TASK —
Find the line below with "map of Siedlanów" and the line with "Ankbete Fiske Drag". Output exactly those lines and everything between them, leaving out the pictures.

★ ★ ★

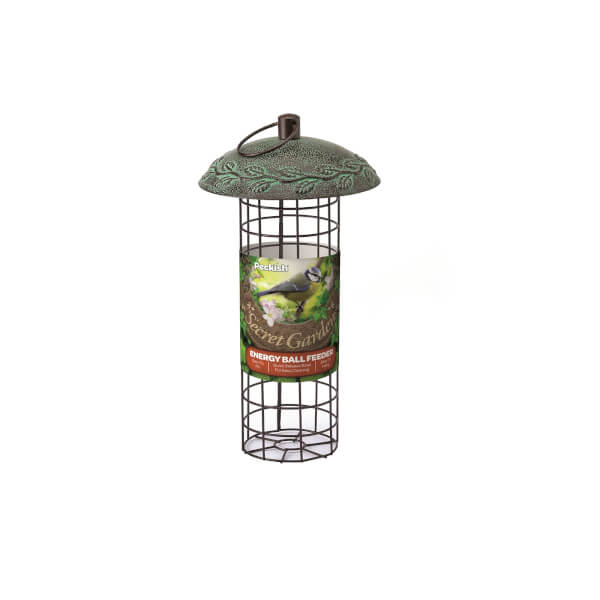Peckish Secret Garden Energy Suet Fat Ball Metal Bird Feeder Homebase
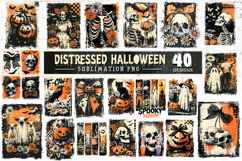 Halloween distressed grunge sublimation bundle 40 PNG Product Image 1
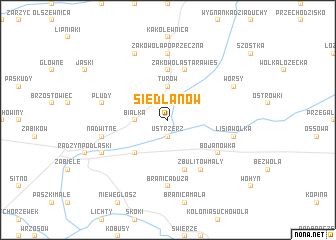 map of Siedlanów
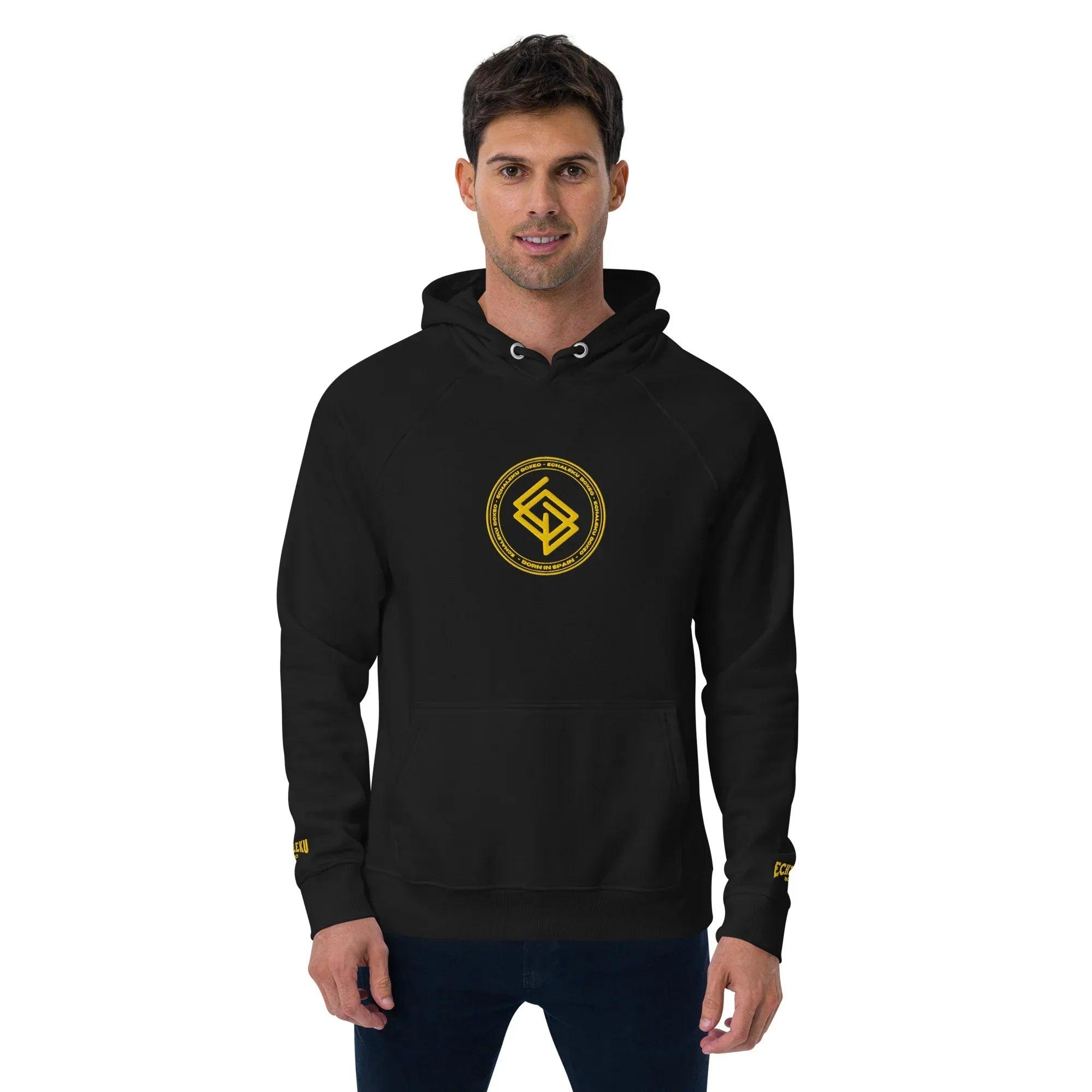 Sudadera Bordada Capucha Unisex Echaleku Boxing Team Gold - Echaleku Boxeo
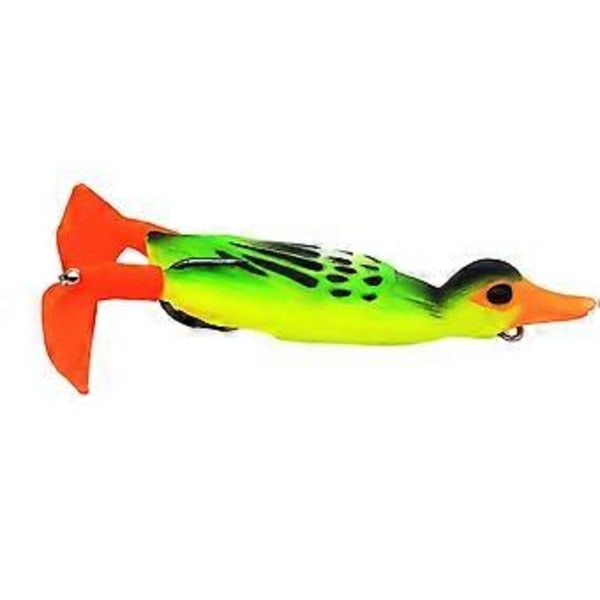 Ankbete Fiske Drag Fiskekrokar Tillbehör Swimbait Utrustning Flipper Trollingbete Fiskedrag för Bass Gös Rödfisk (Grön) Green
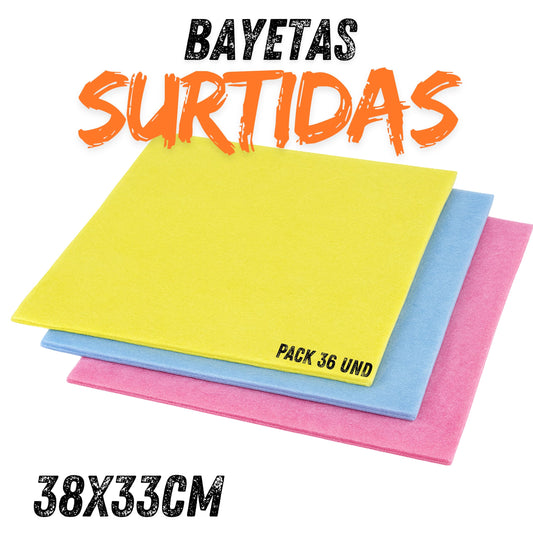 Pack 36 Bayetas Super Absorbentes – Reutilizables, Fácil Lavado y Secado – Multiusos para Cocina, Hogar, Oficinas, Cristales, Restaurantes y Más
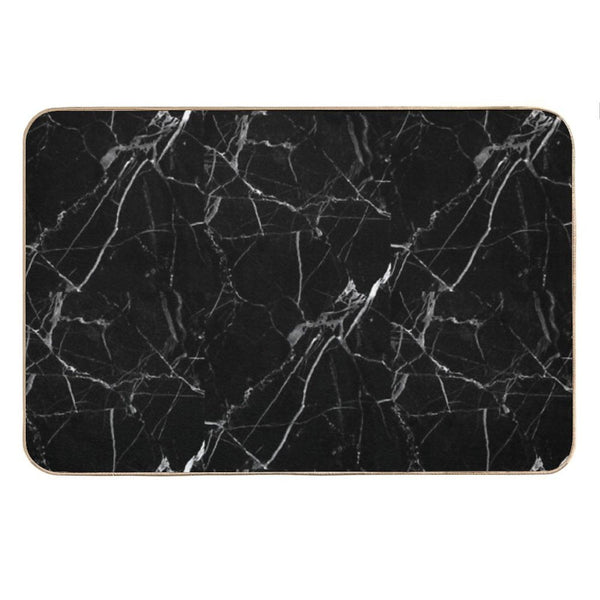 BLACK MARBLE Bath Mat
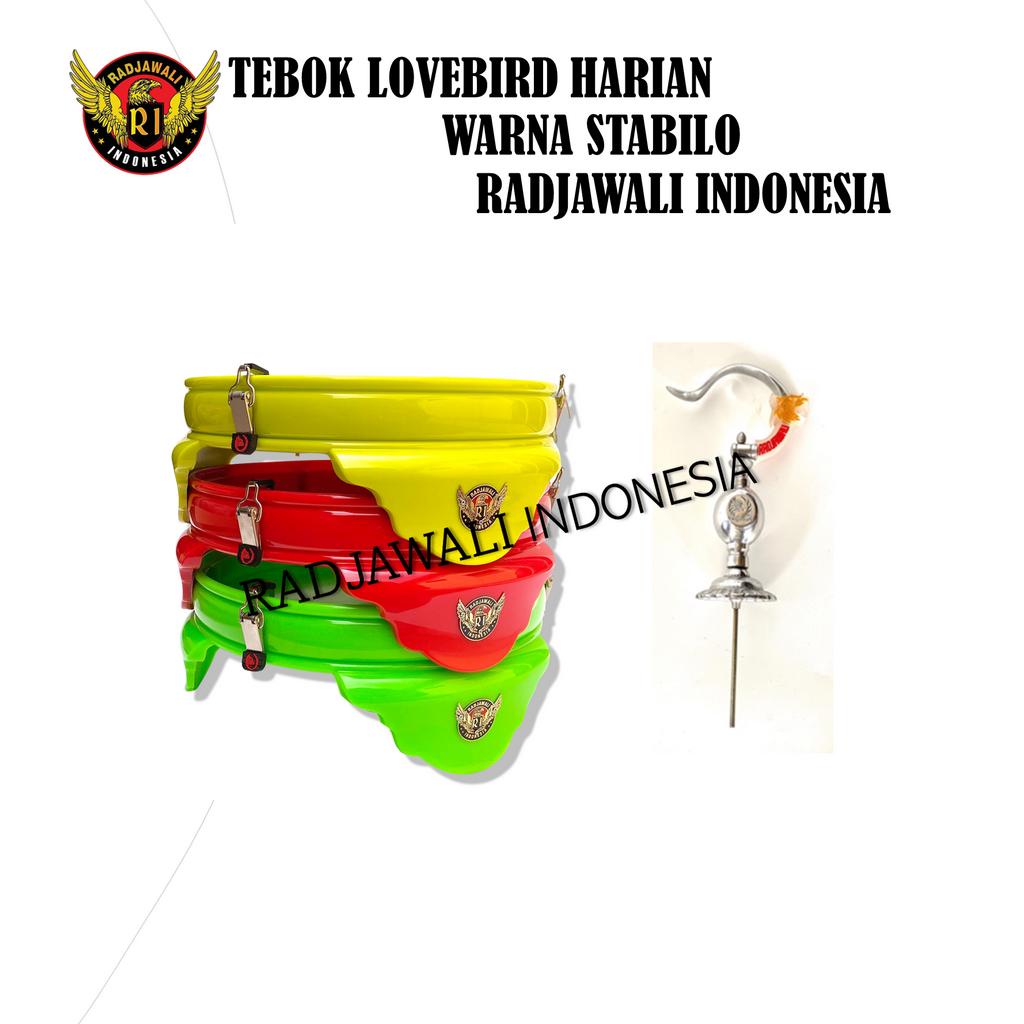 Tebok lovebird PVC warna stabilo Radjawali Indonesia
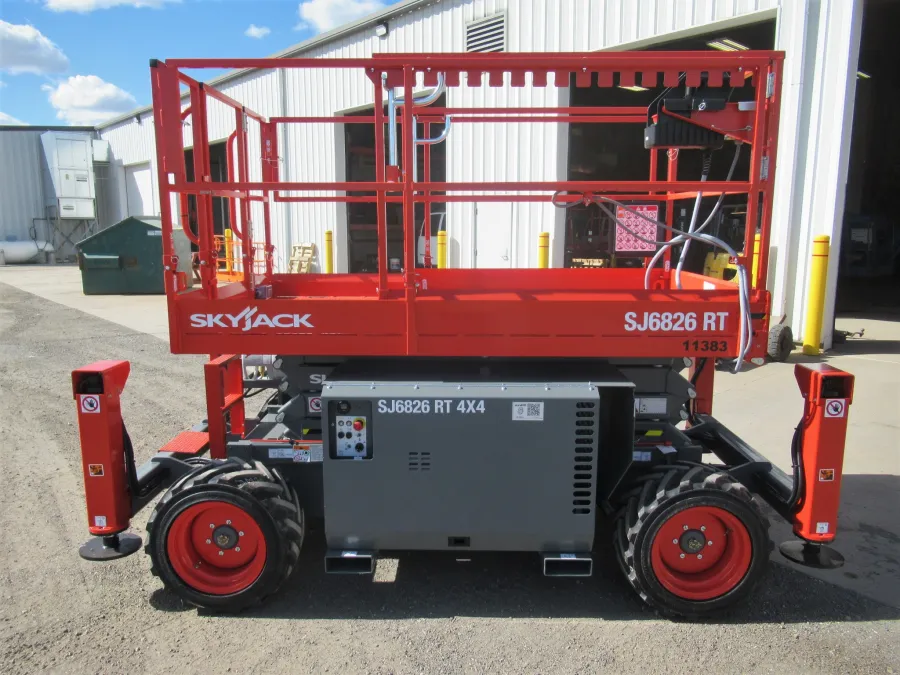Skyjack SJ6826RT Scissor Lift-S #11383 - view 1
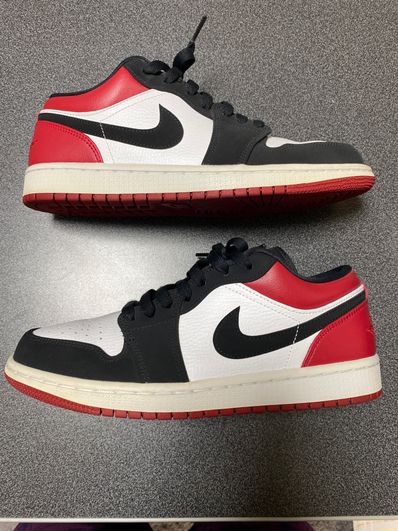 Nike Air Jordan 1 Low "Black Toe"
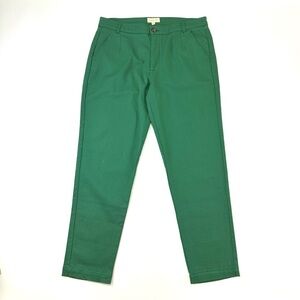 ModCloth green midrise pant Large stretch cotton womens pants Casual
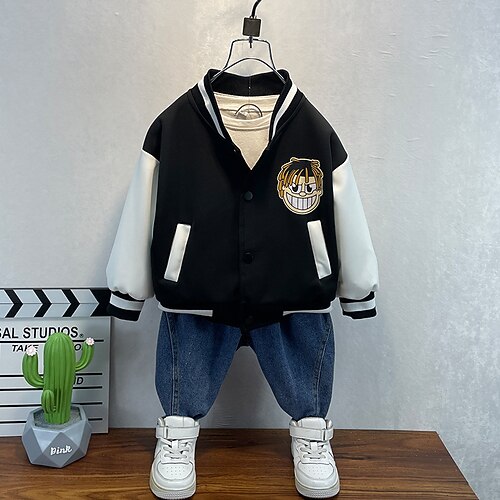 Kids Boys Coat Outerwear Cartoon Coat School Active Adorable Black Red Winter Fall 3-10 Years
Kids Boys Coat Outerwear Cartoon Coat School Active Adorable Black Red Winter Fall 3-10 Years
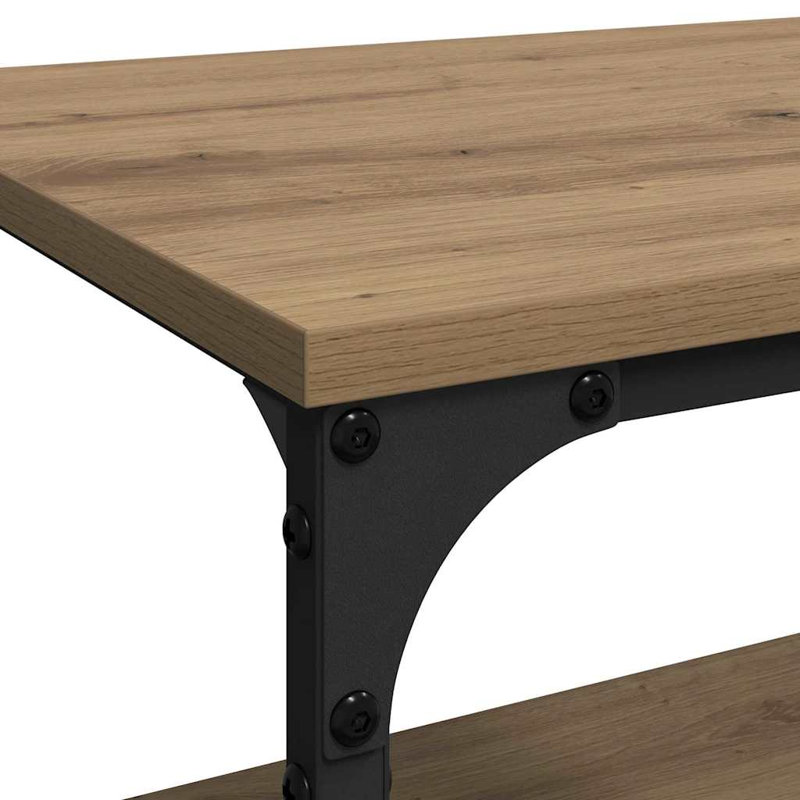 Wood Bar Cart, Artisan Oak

★ ★ ★

ANSWER TO THE PROBLEM —
 map of Siedlanów
 Sudadera Bordada Capucha Unisex Echaleku Boxing Team Gold - Echaleku Boxeo
 Ankbete Fiske Drag Fiskekrokar Tillbehör Swimbait Utrustning Flipper Trollingbete Fiskedrag för Bass Gös Rödfisk (Grön) Green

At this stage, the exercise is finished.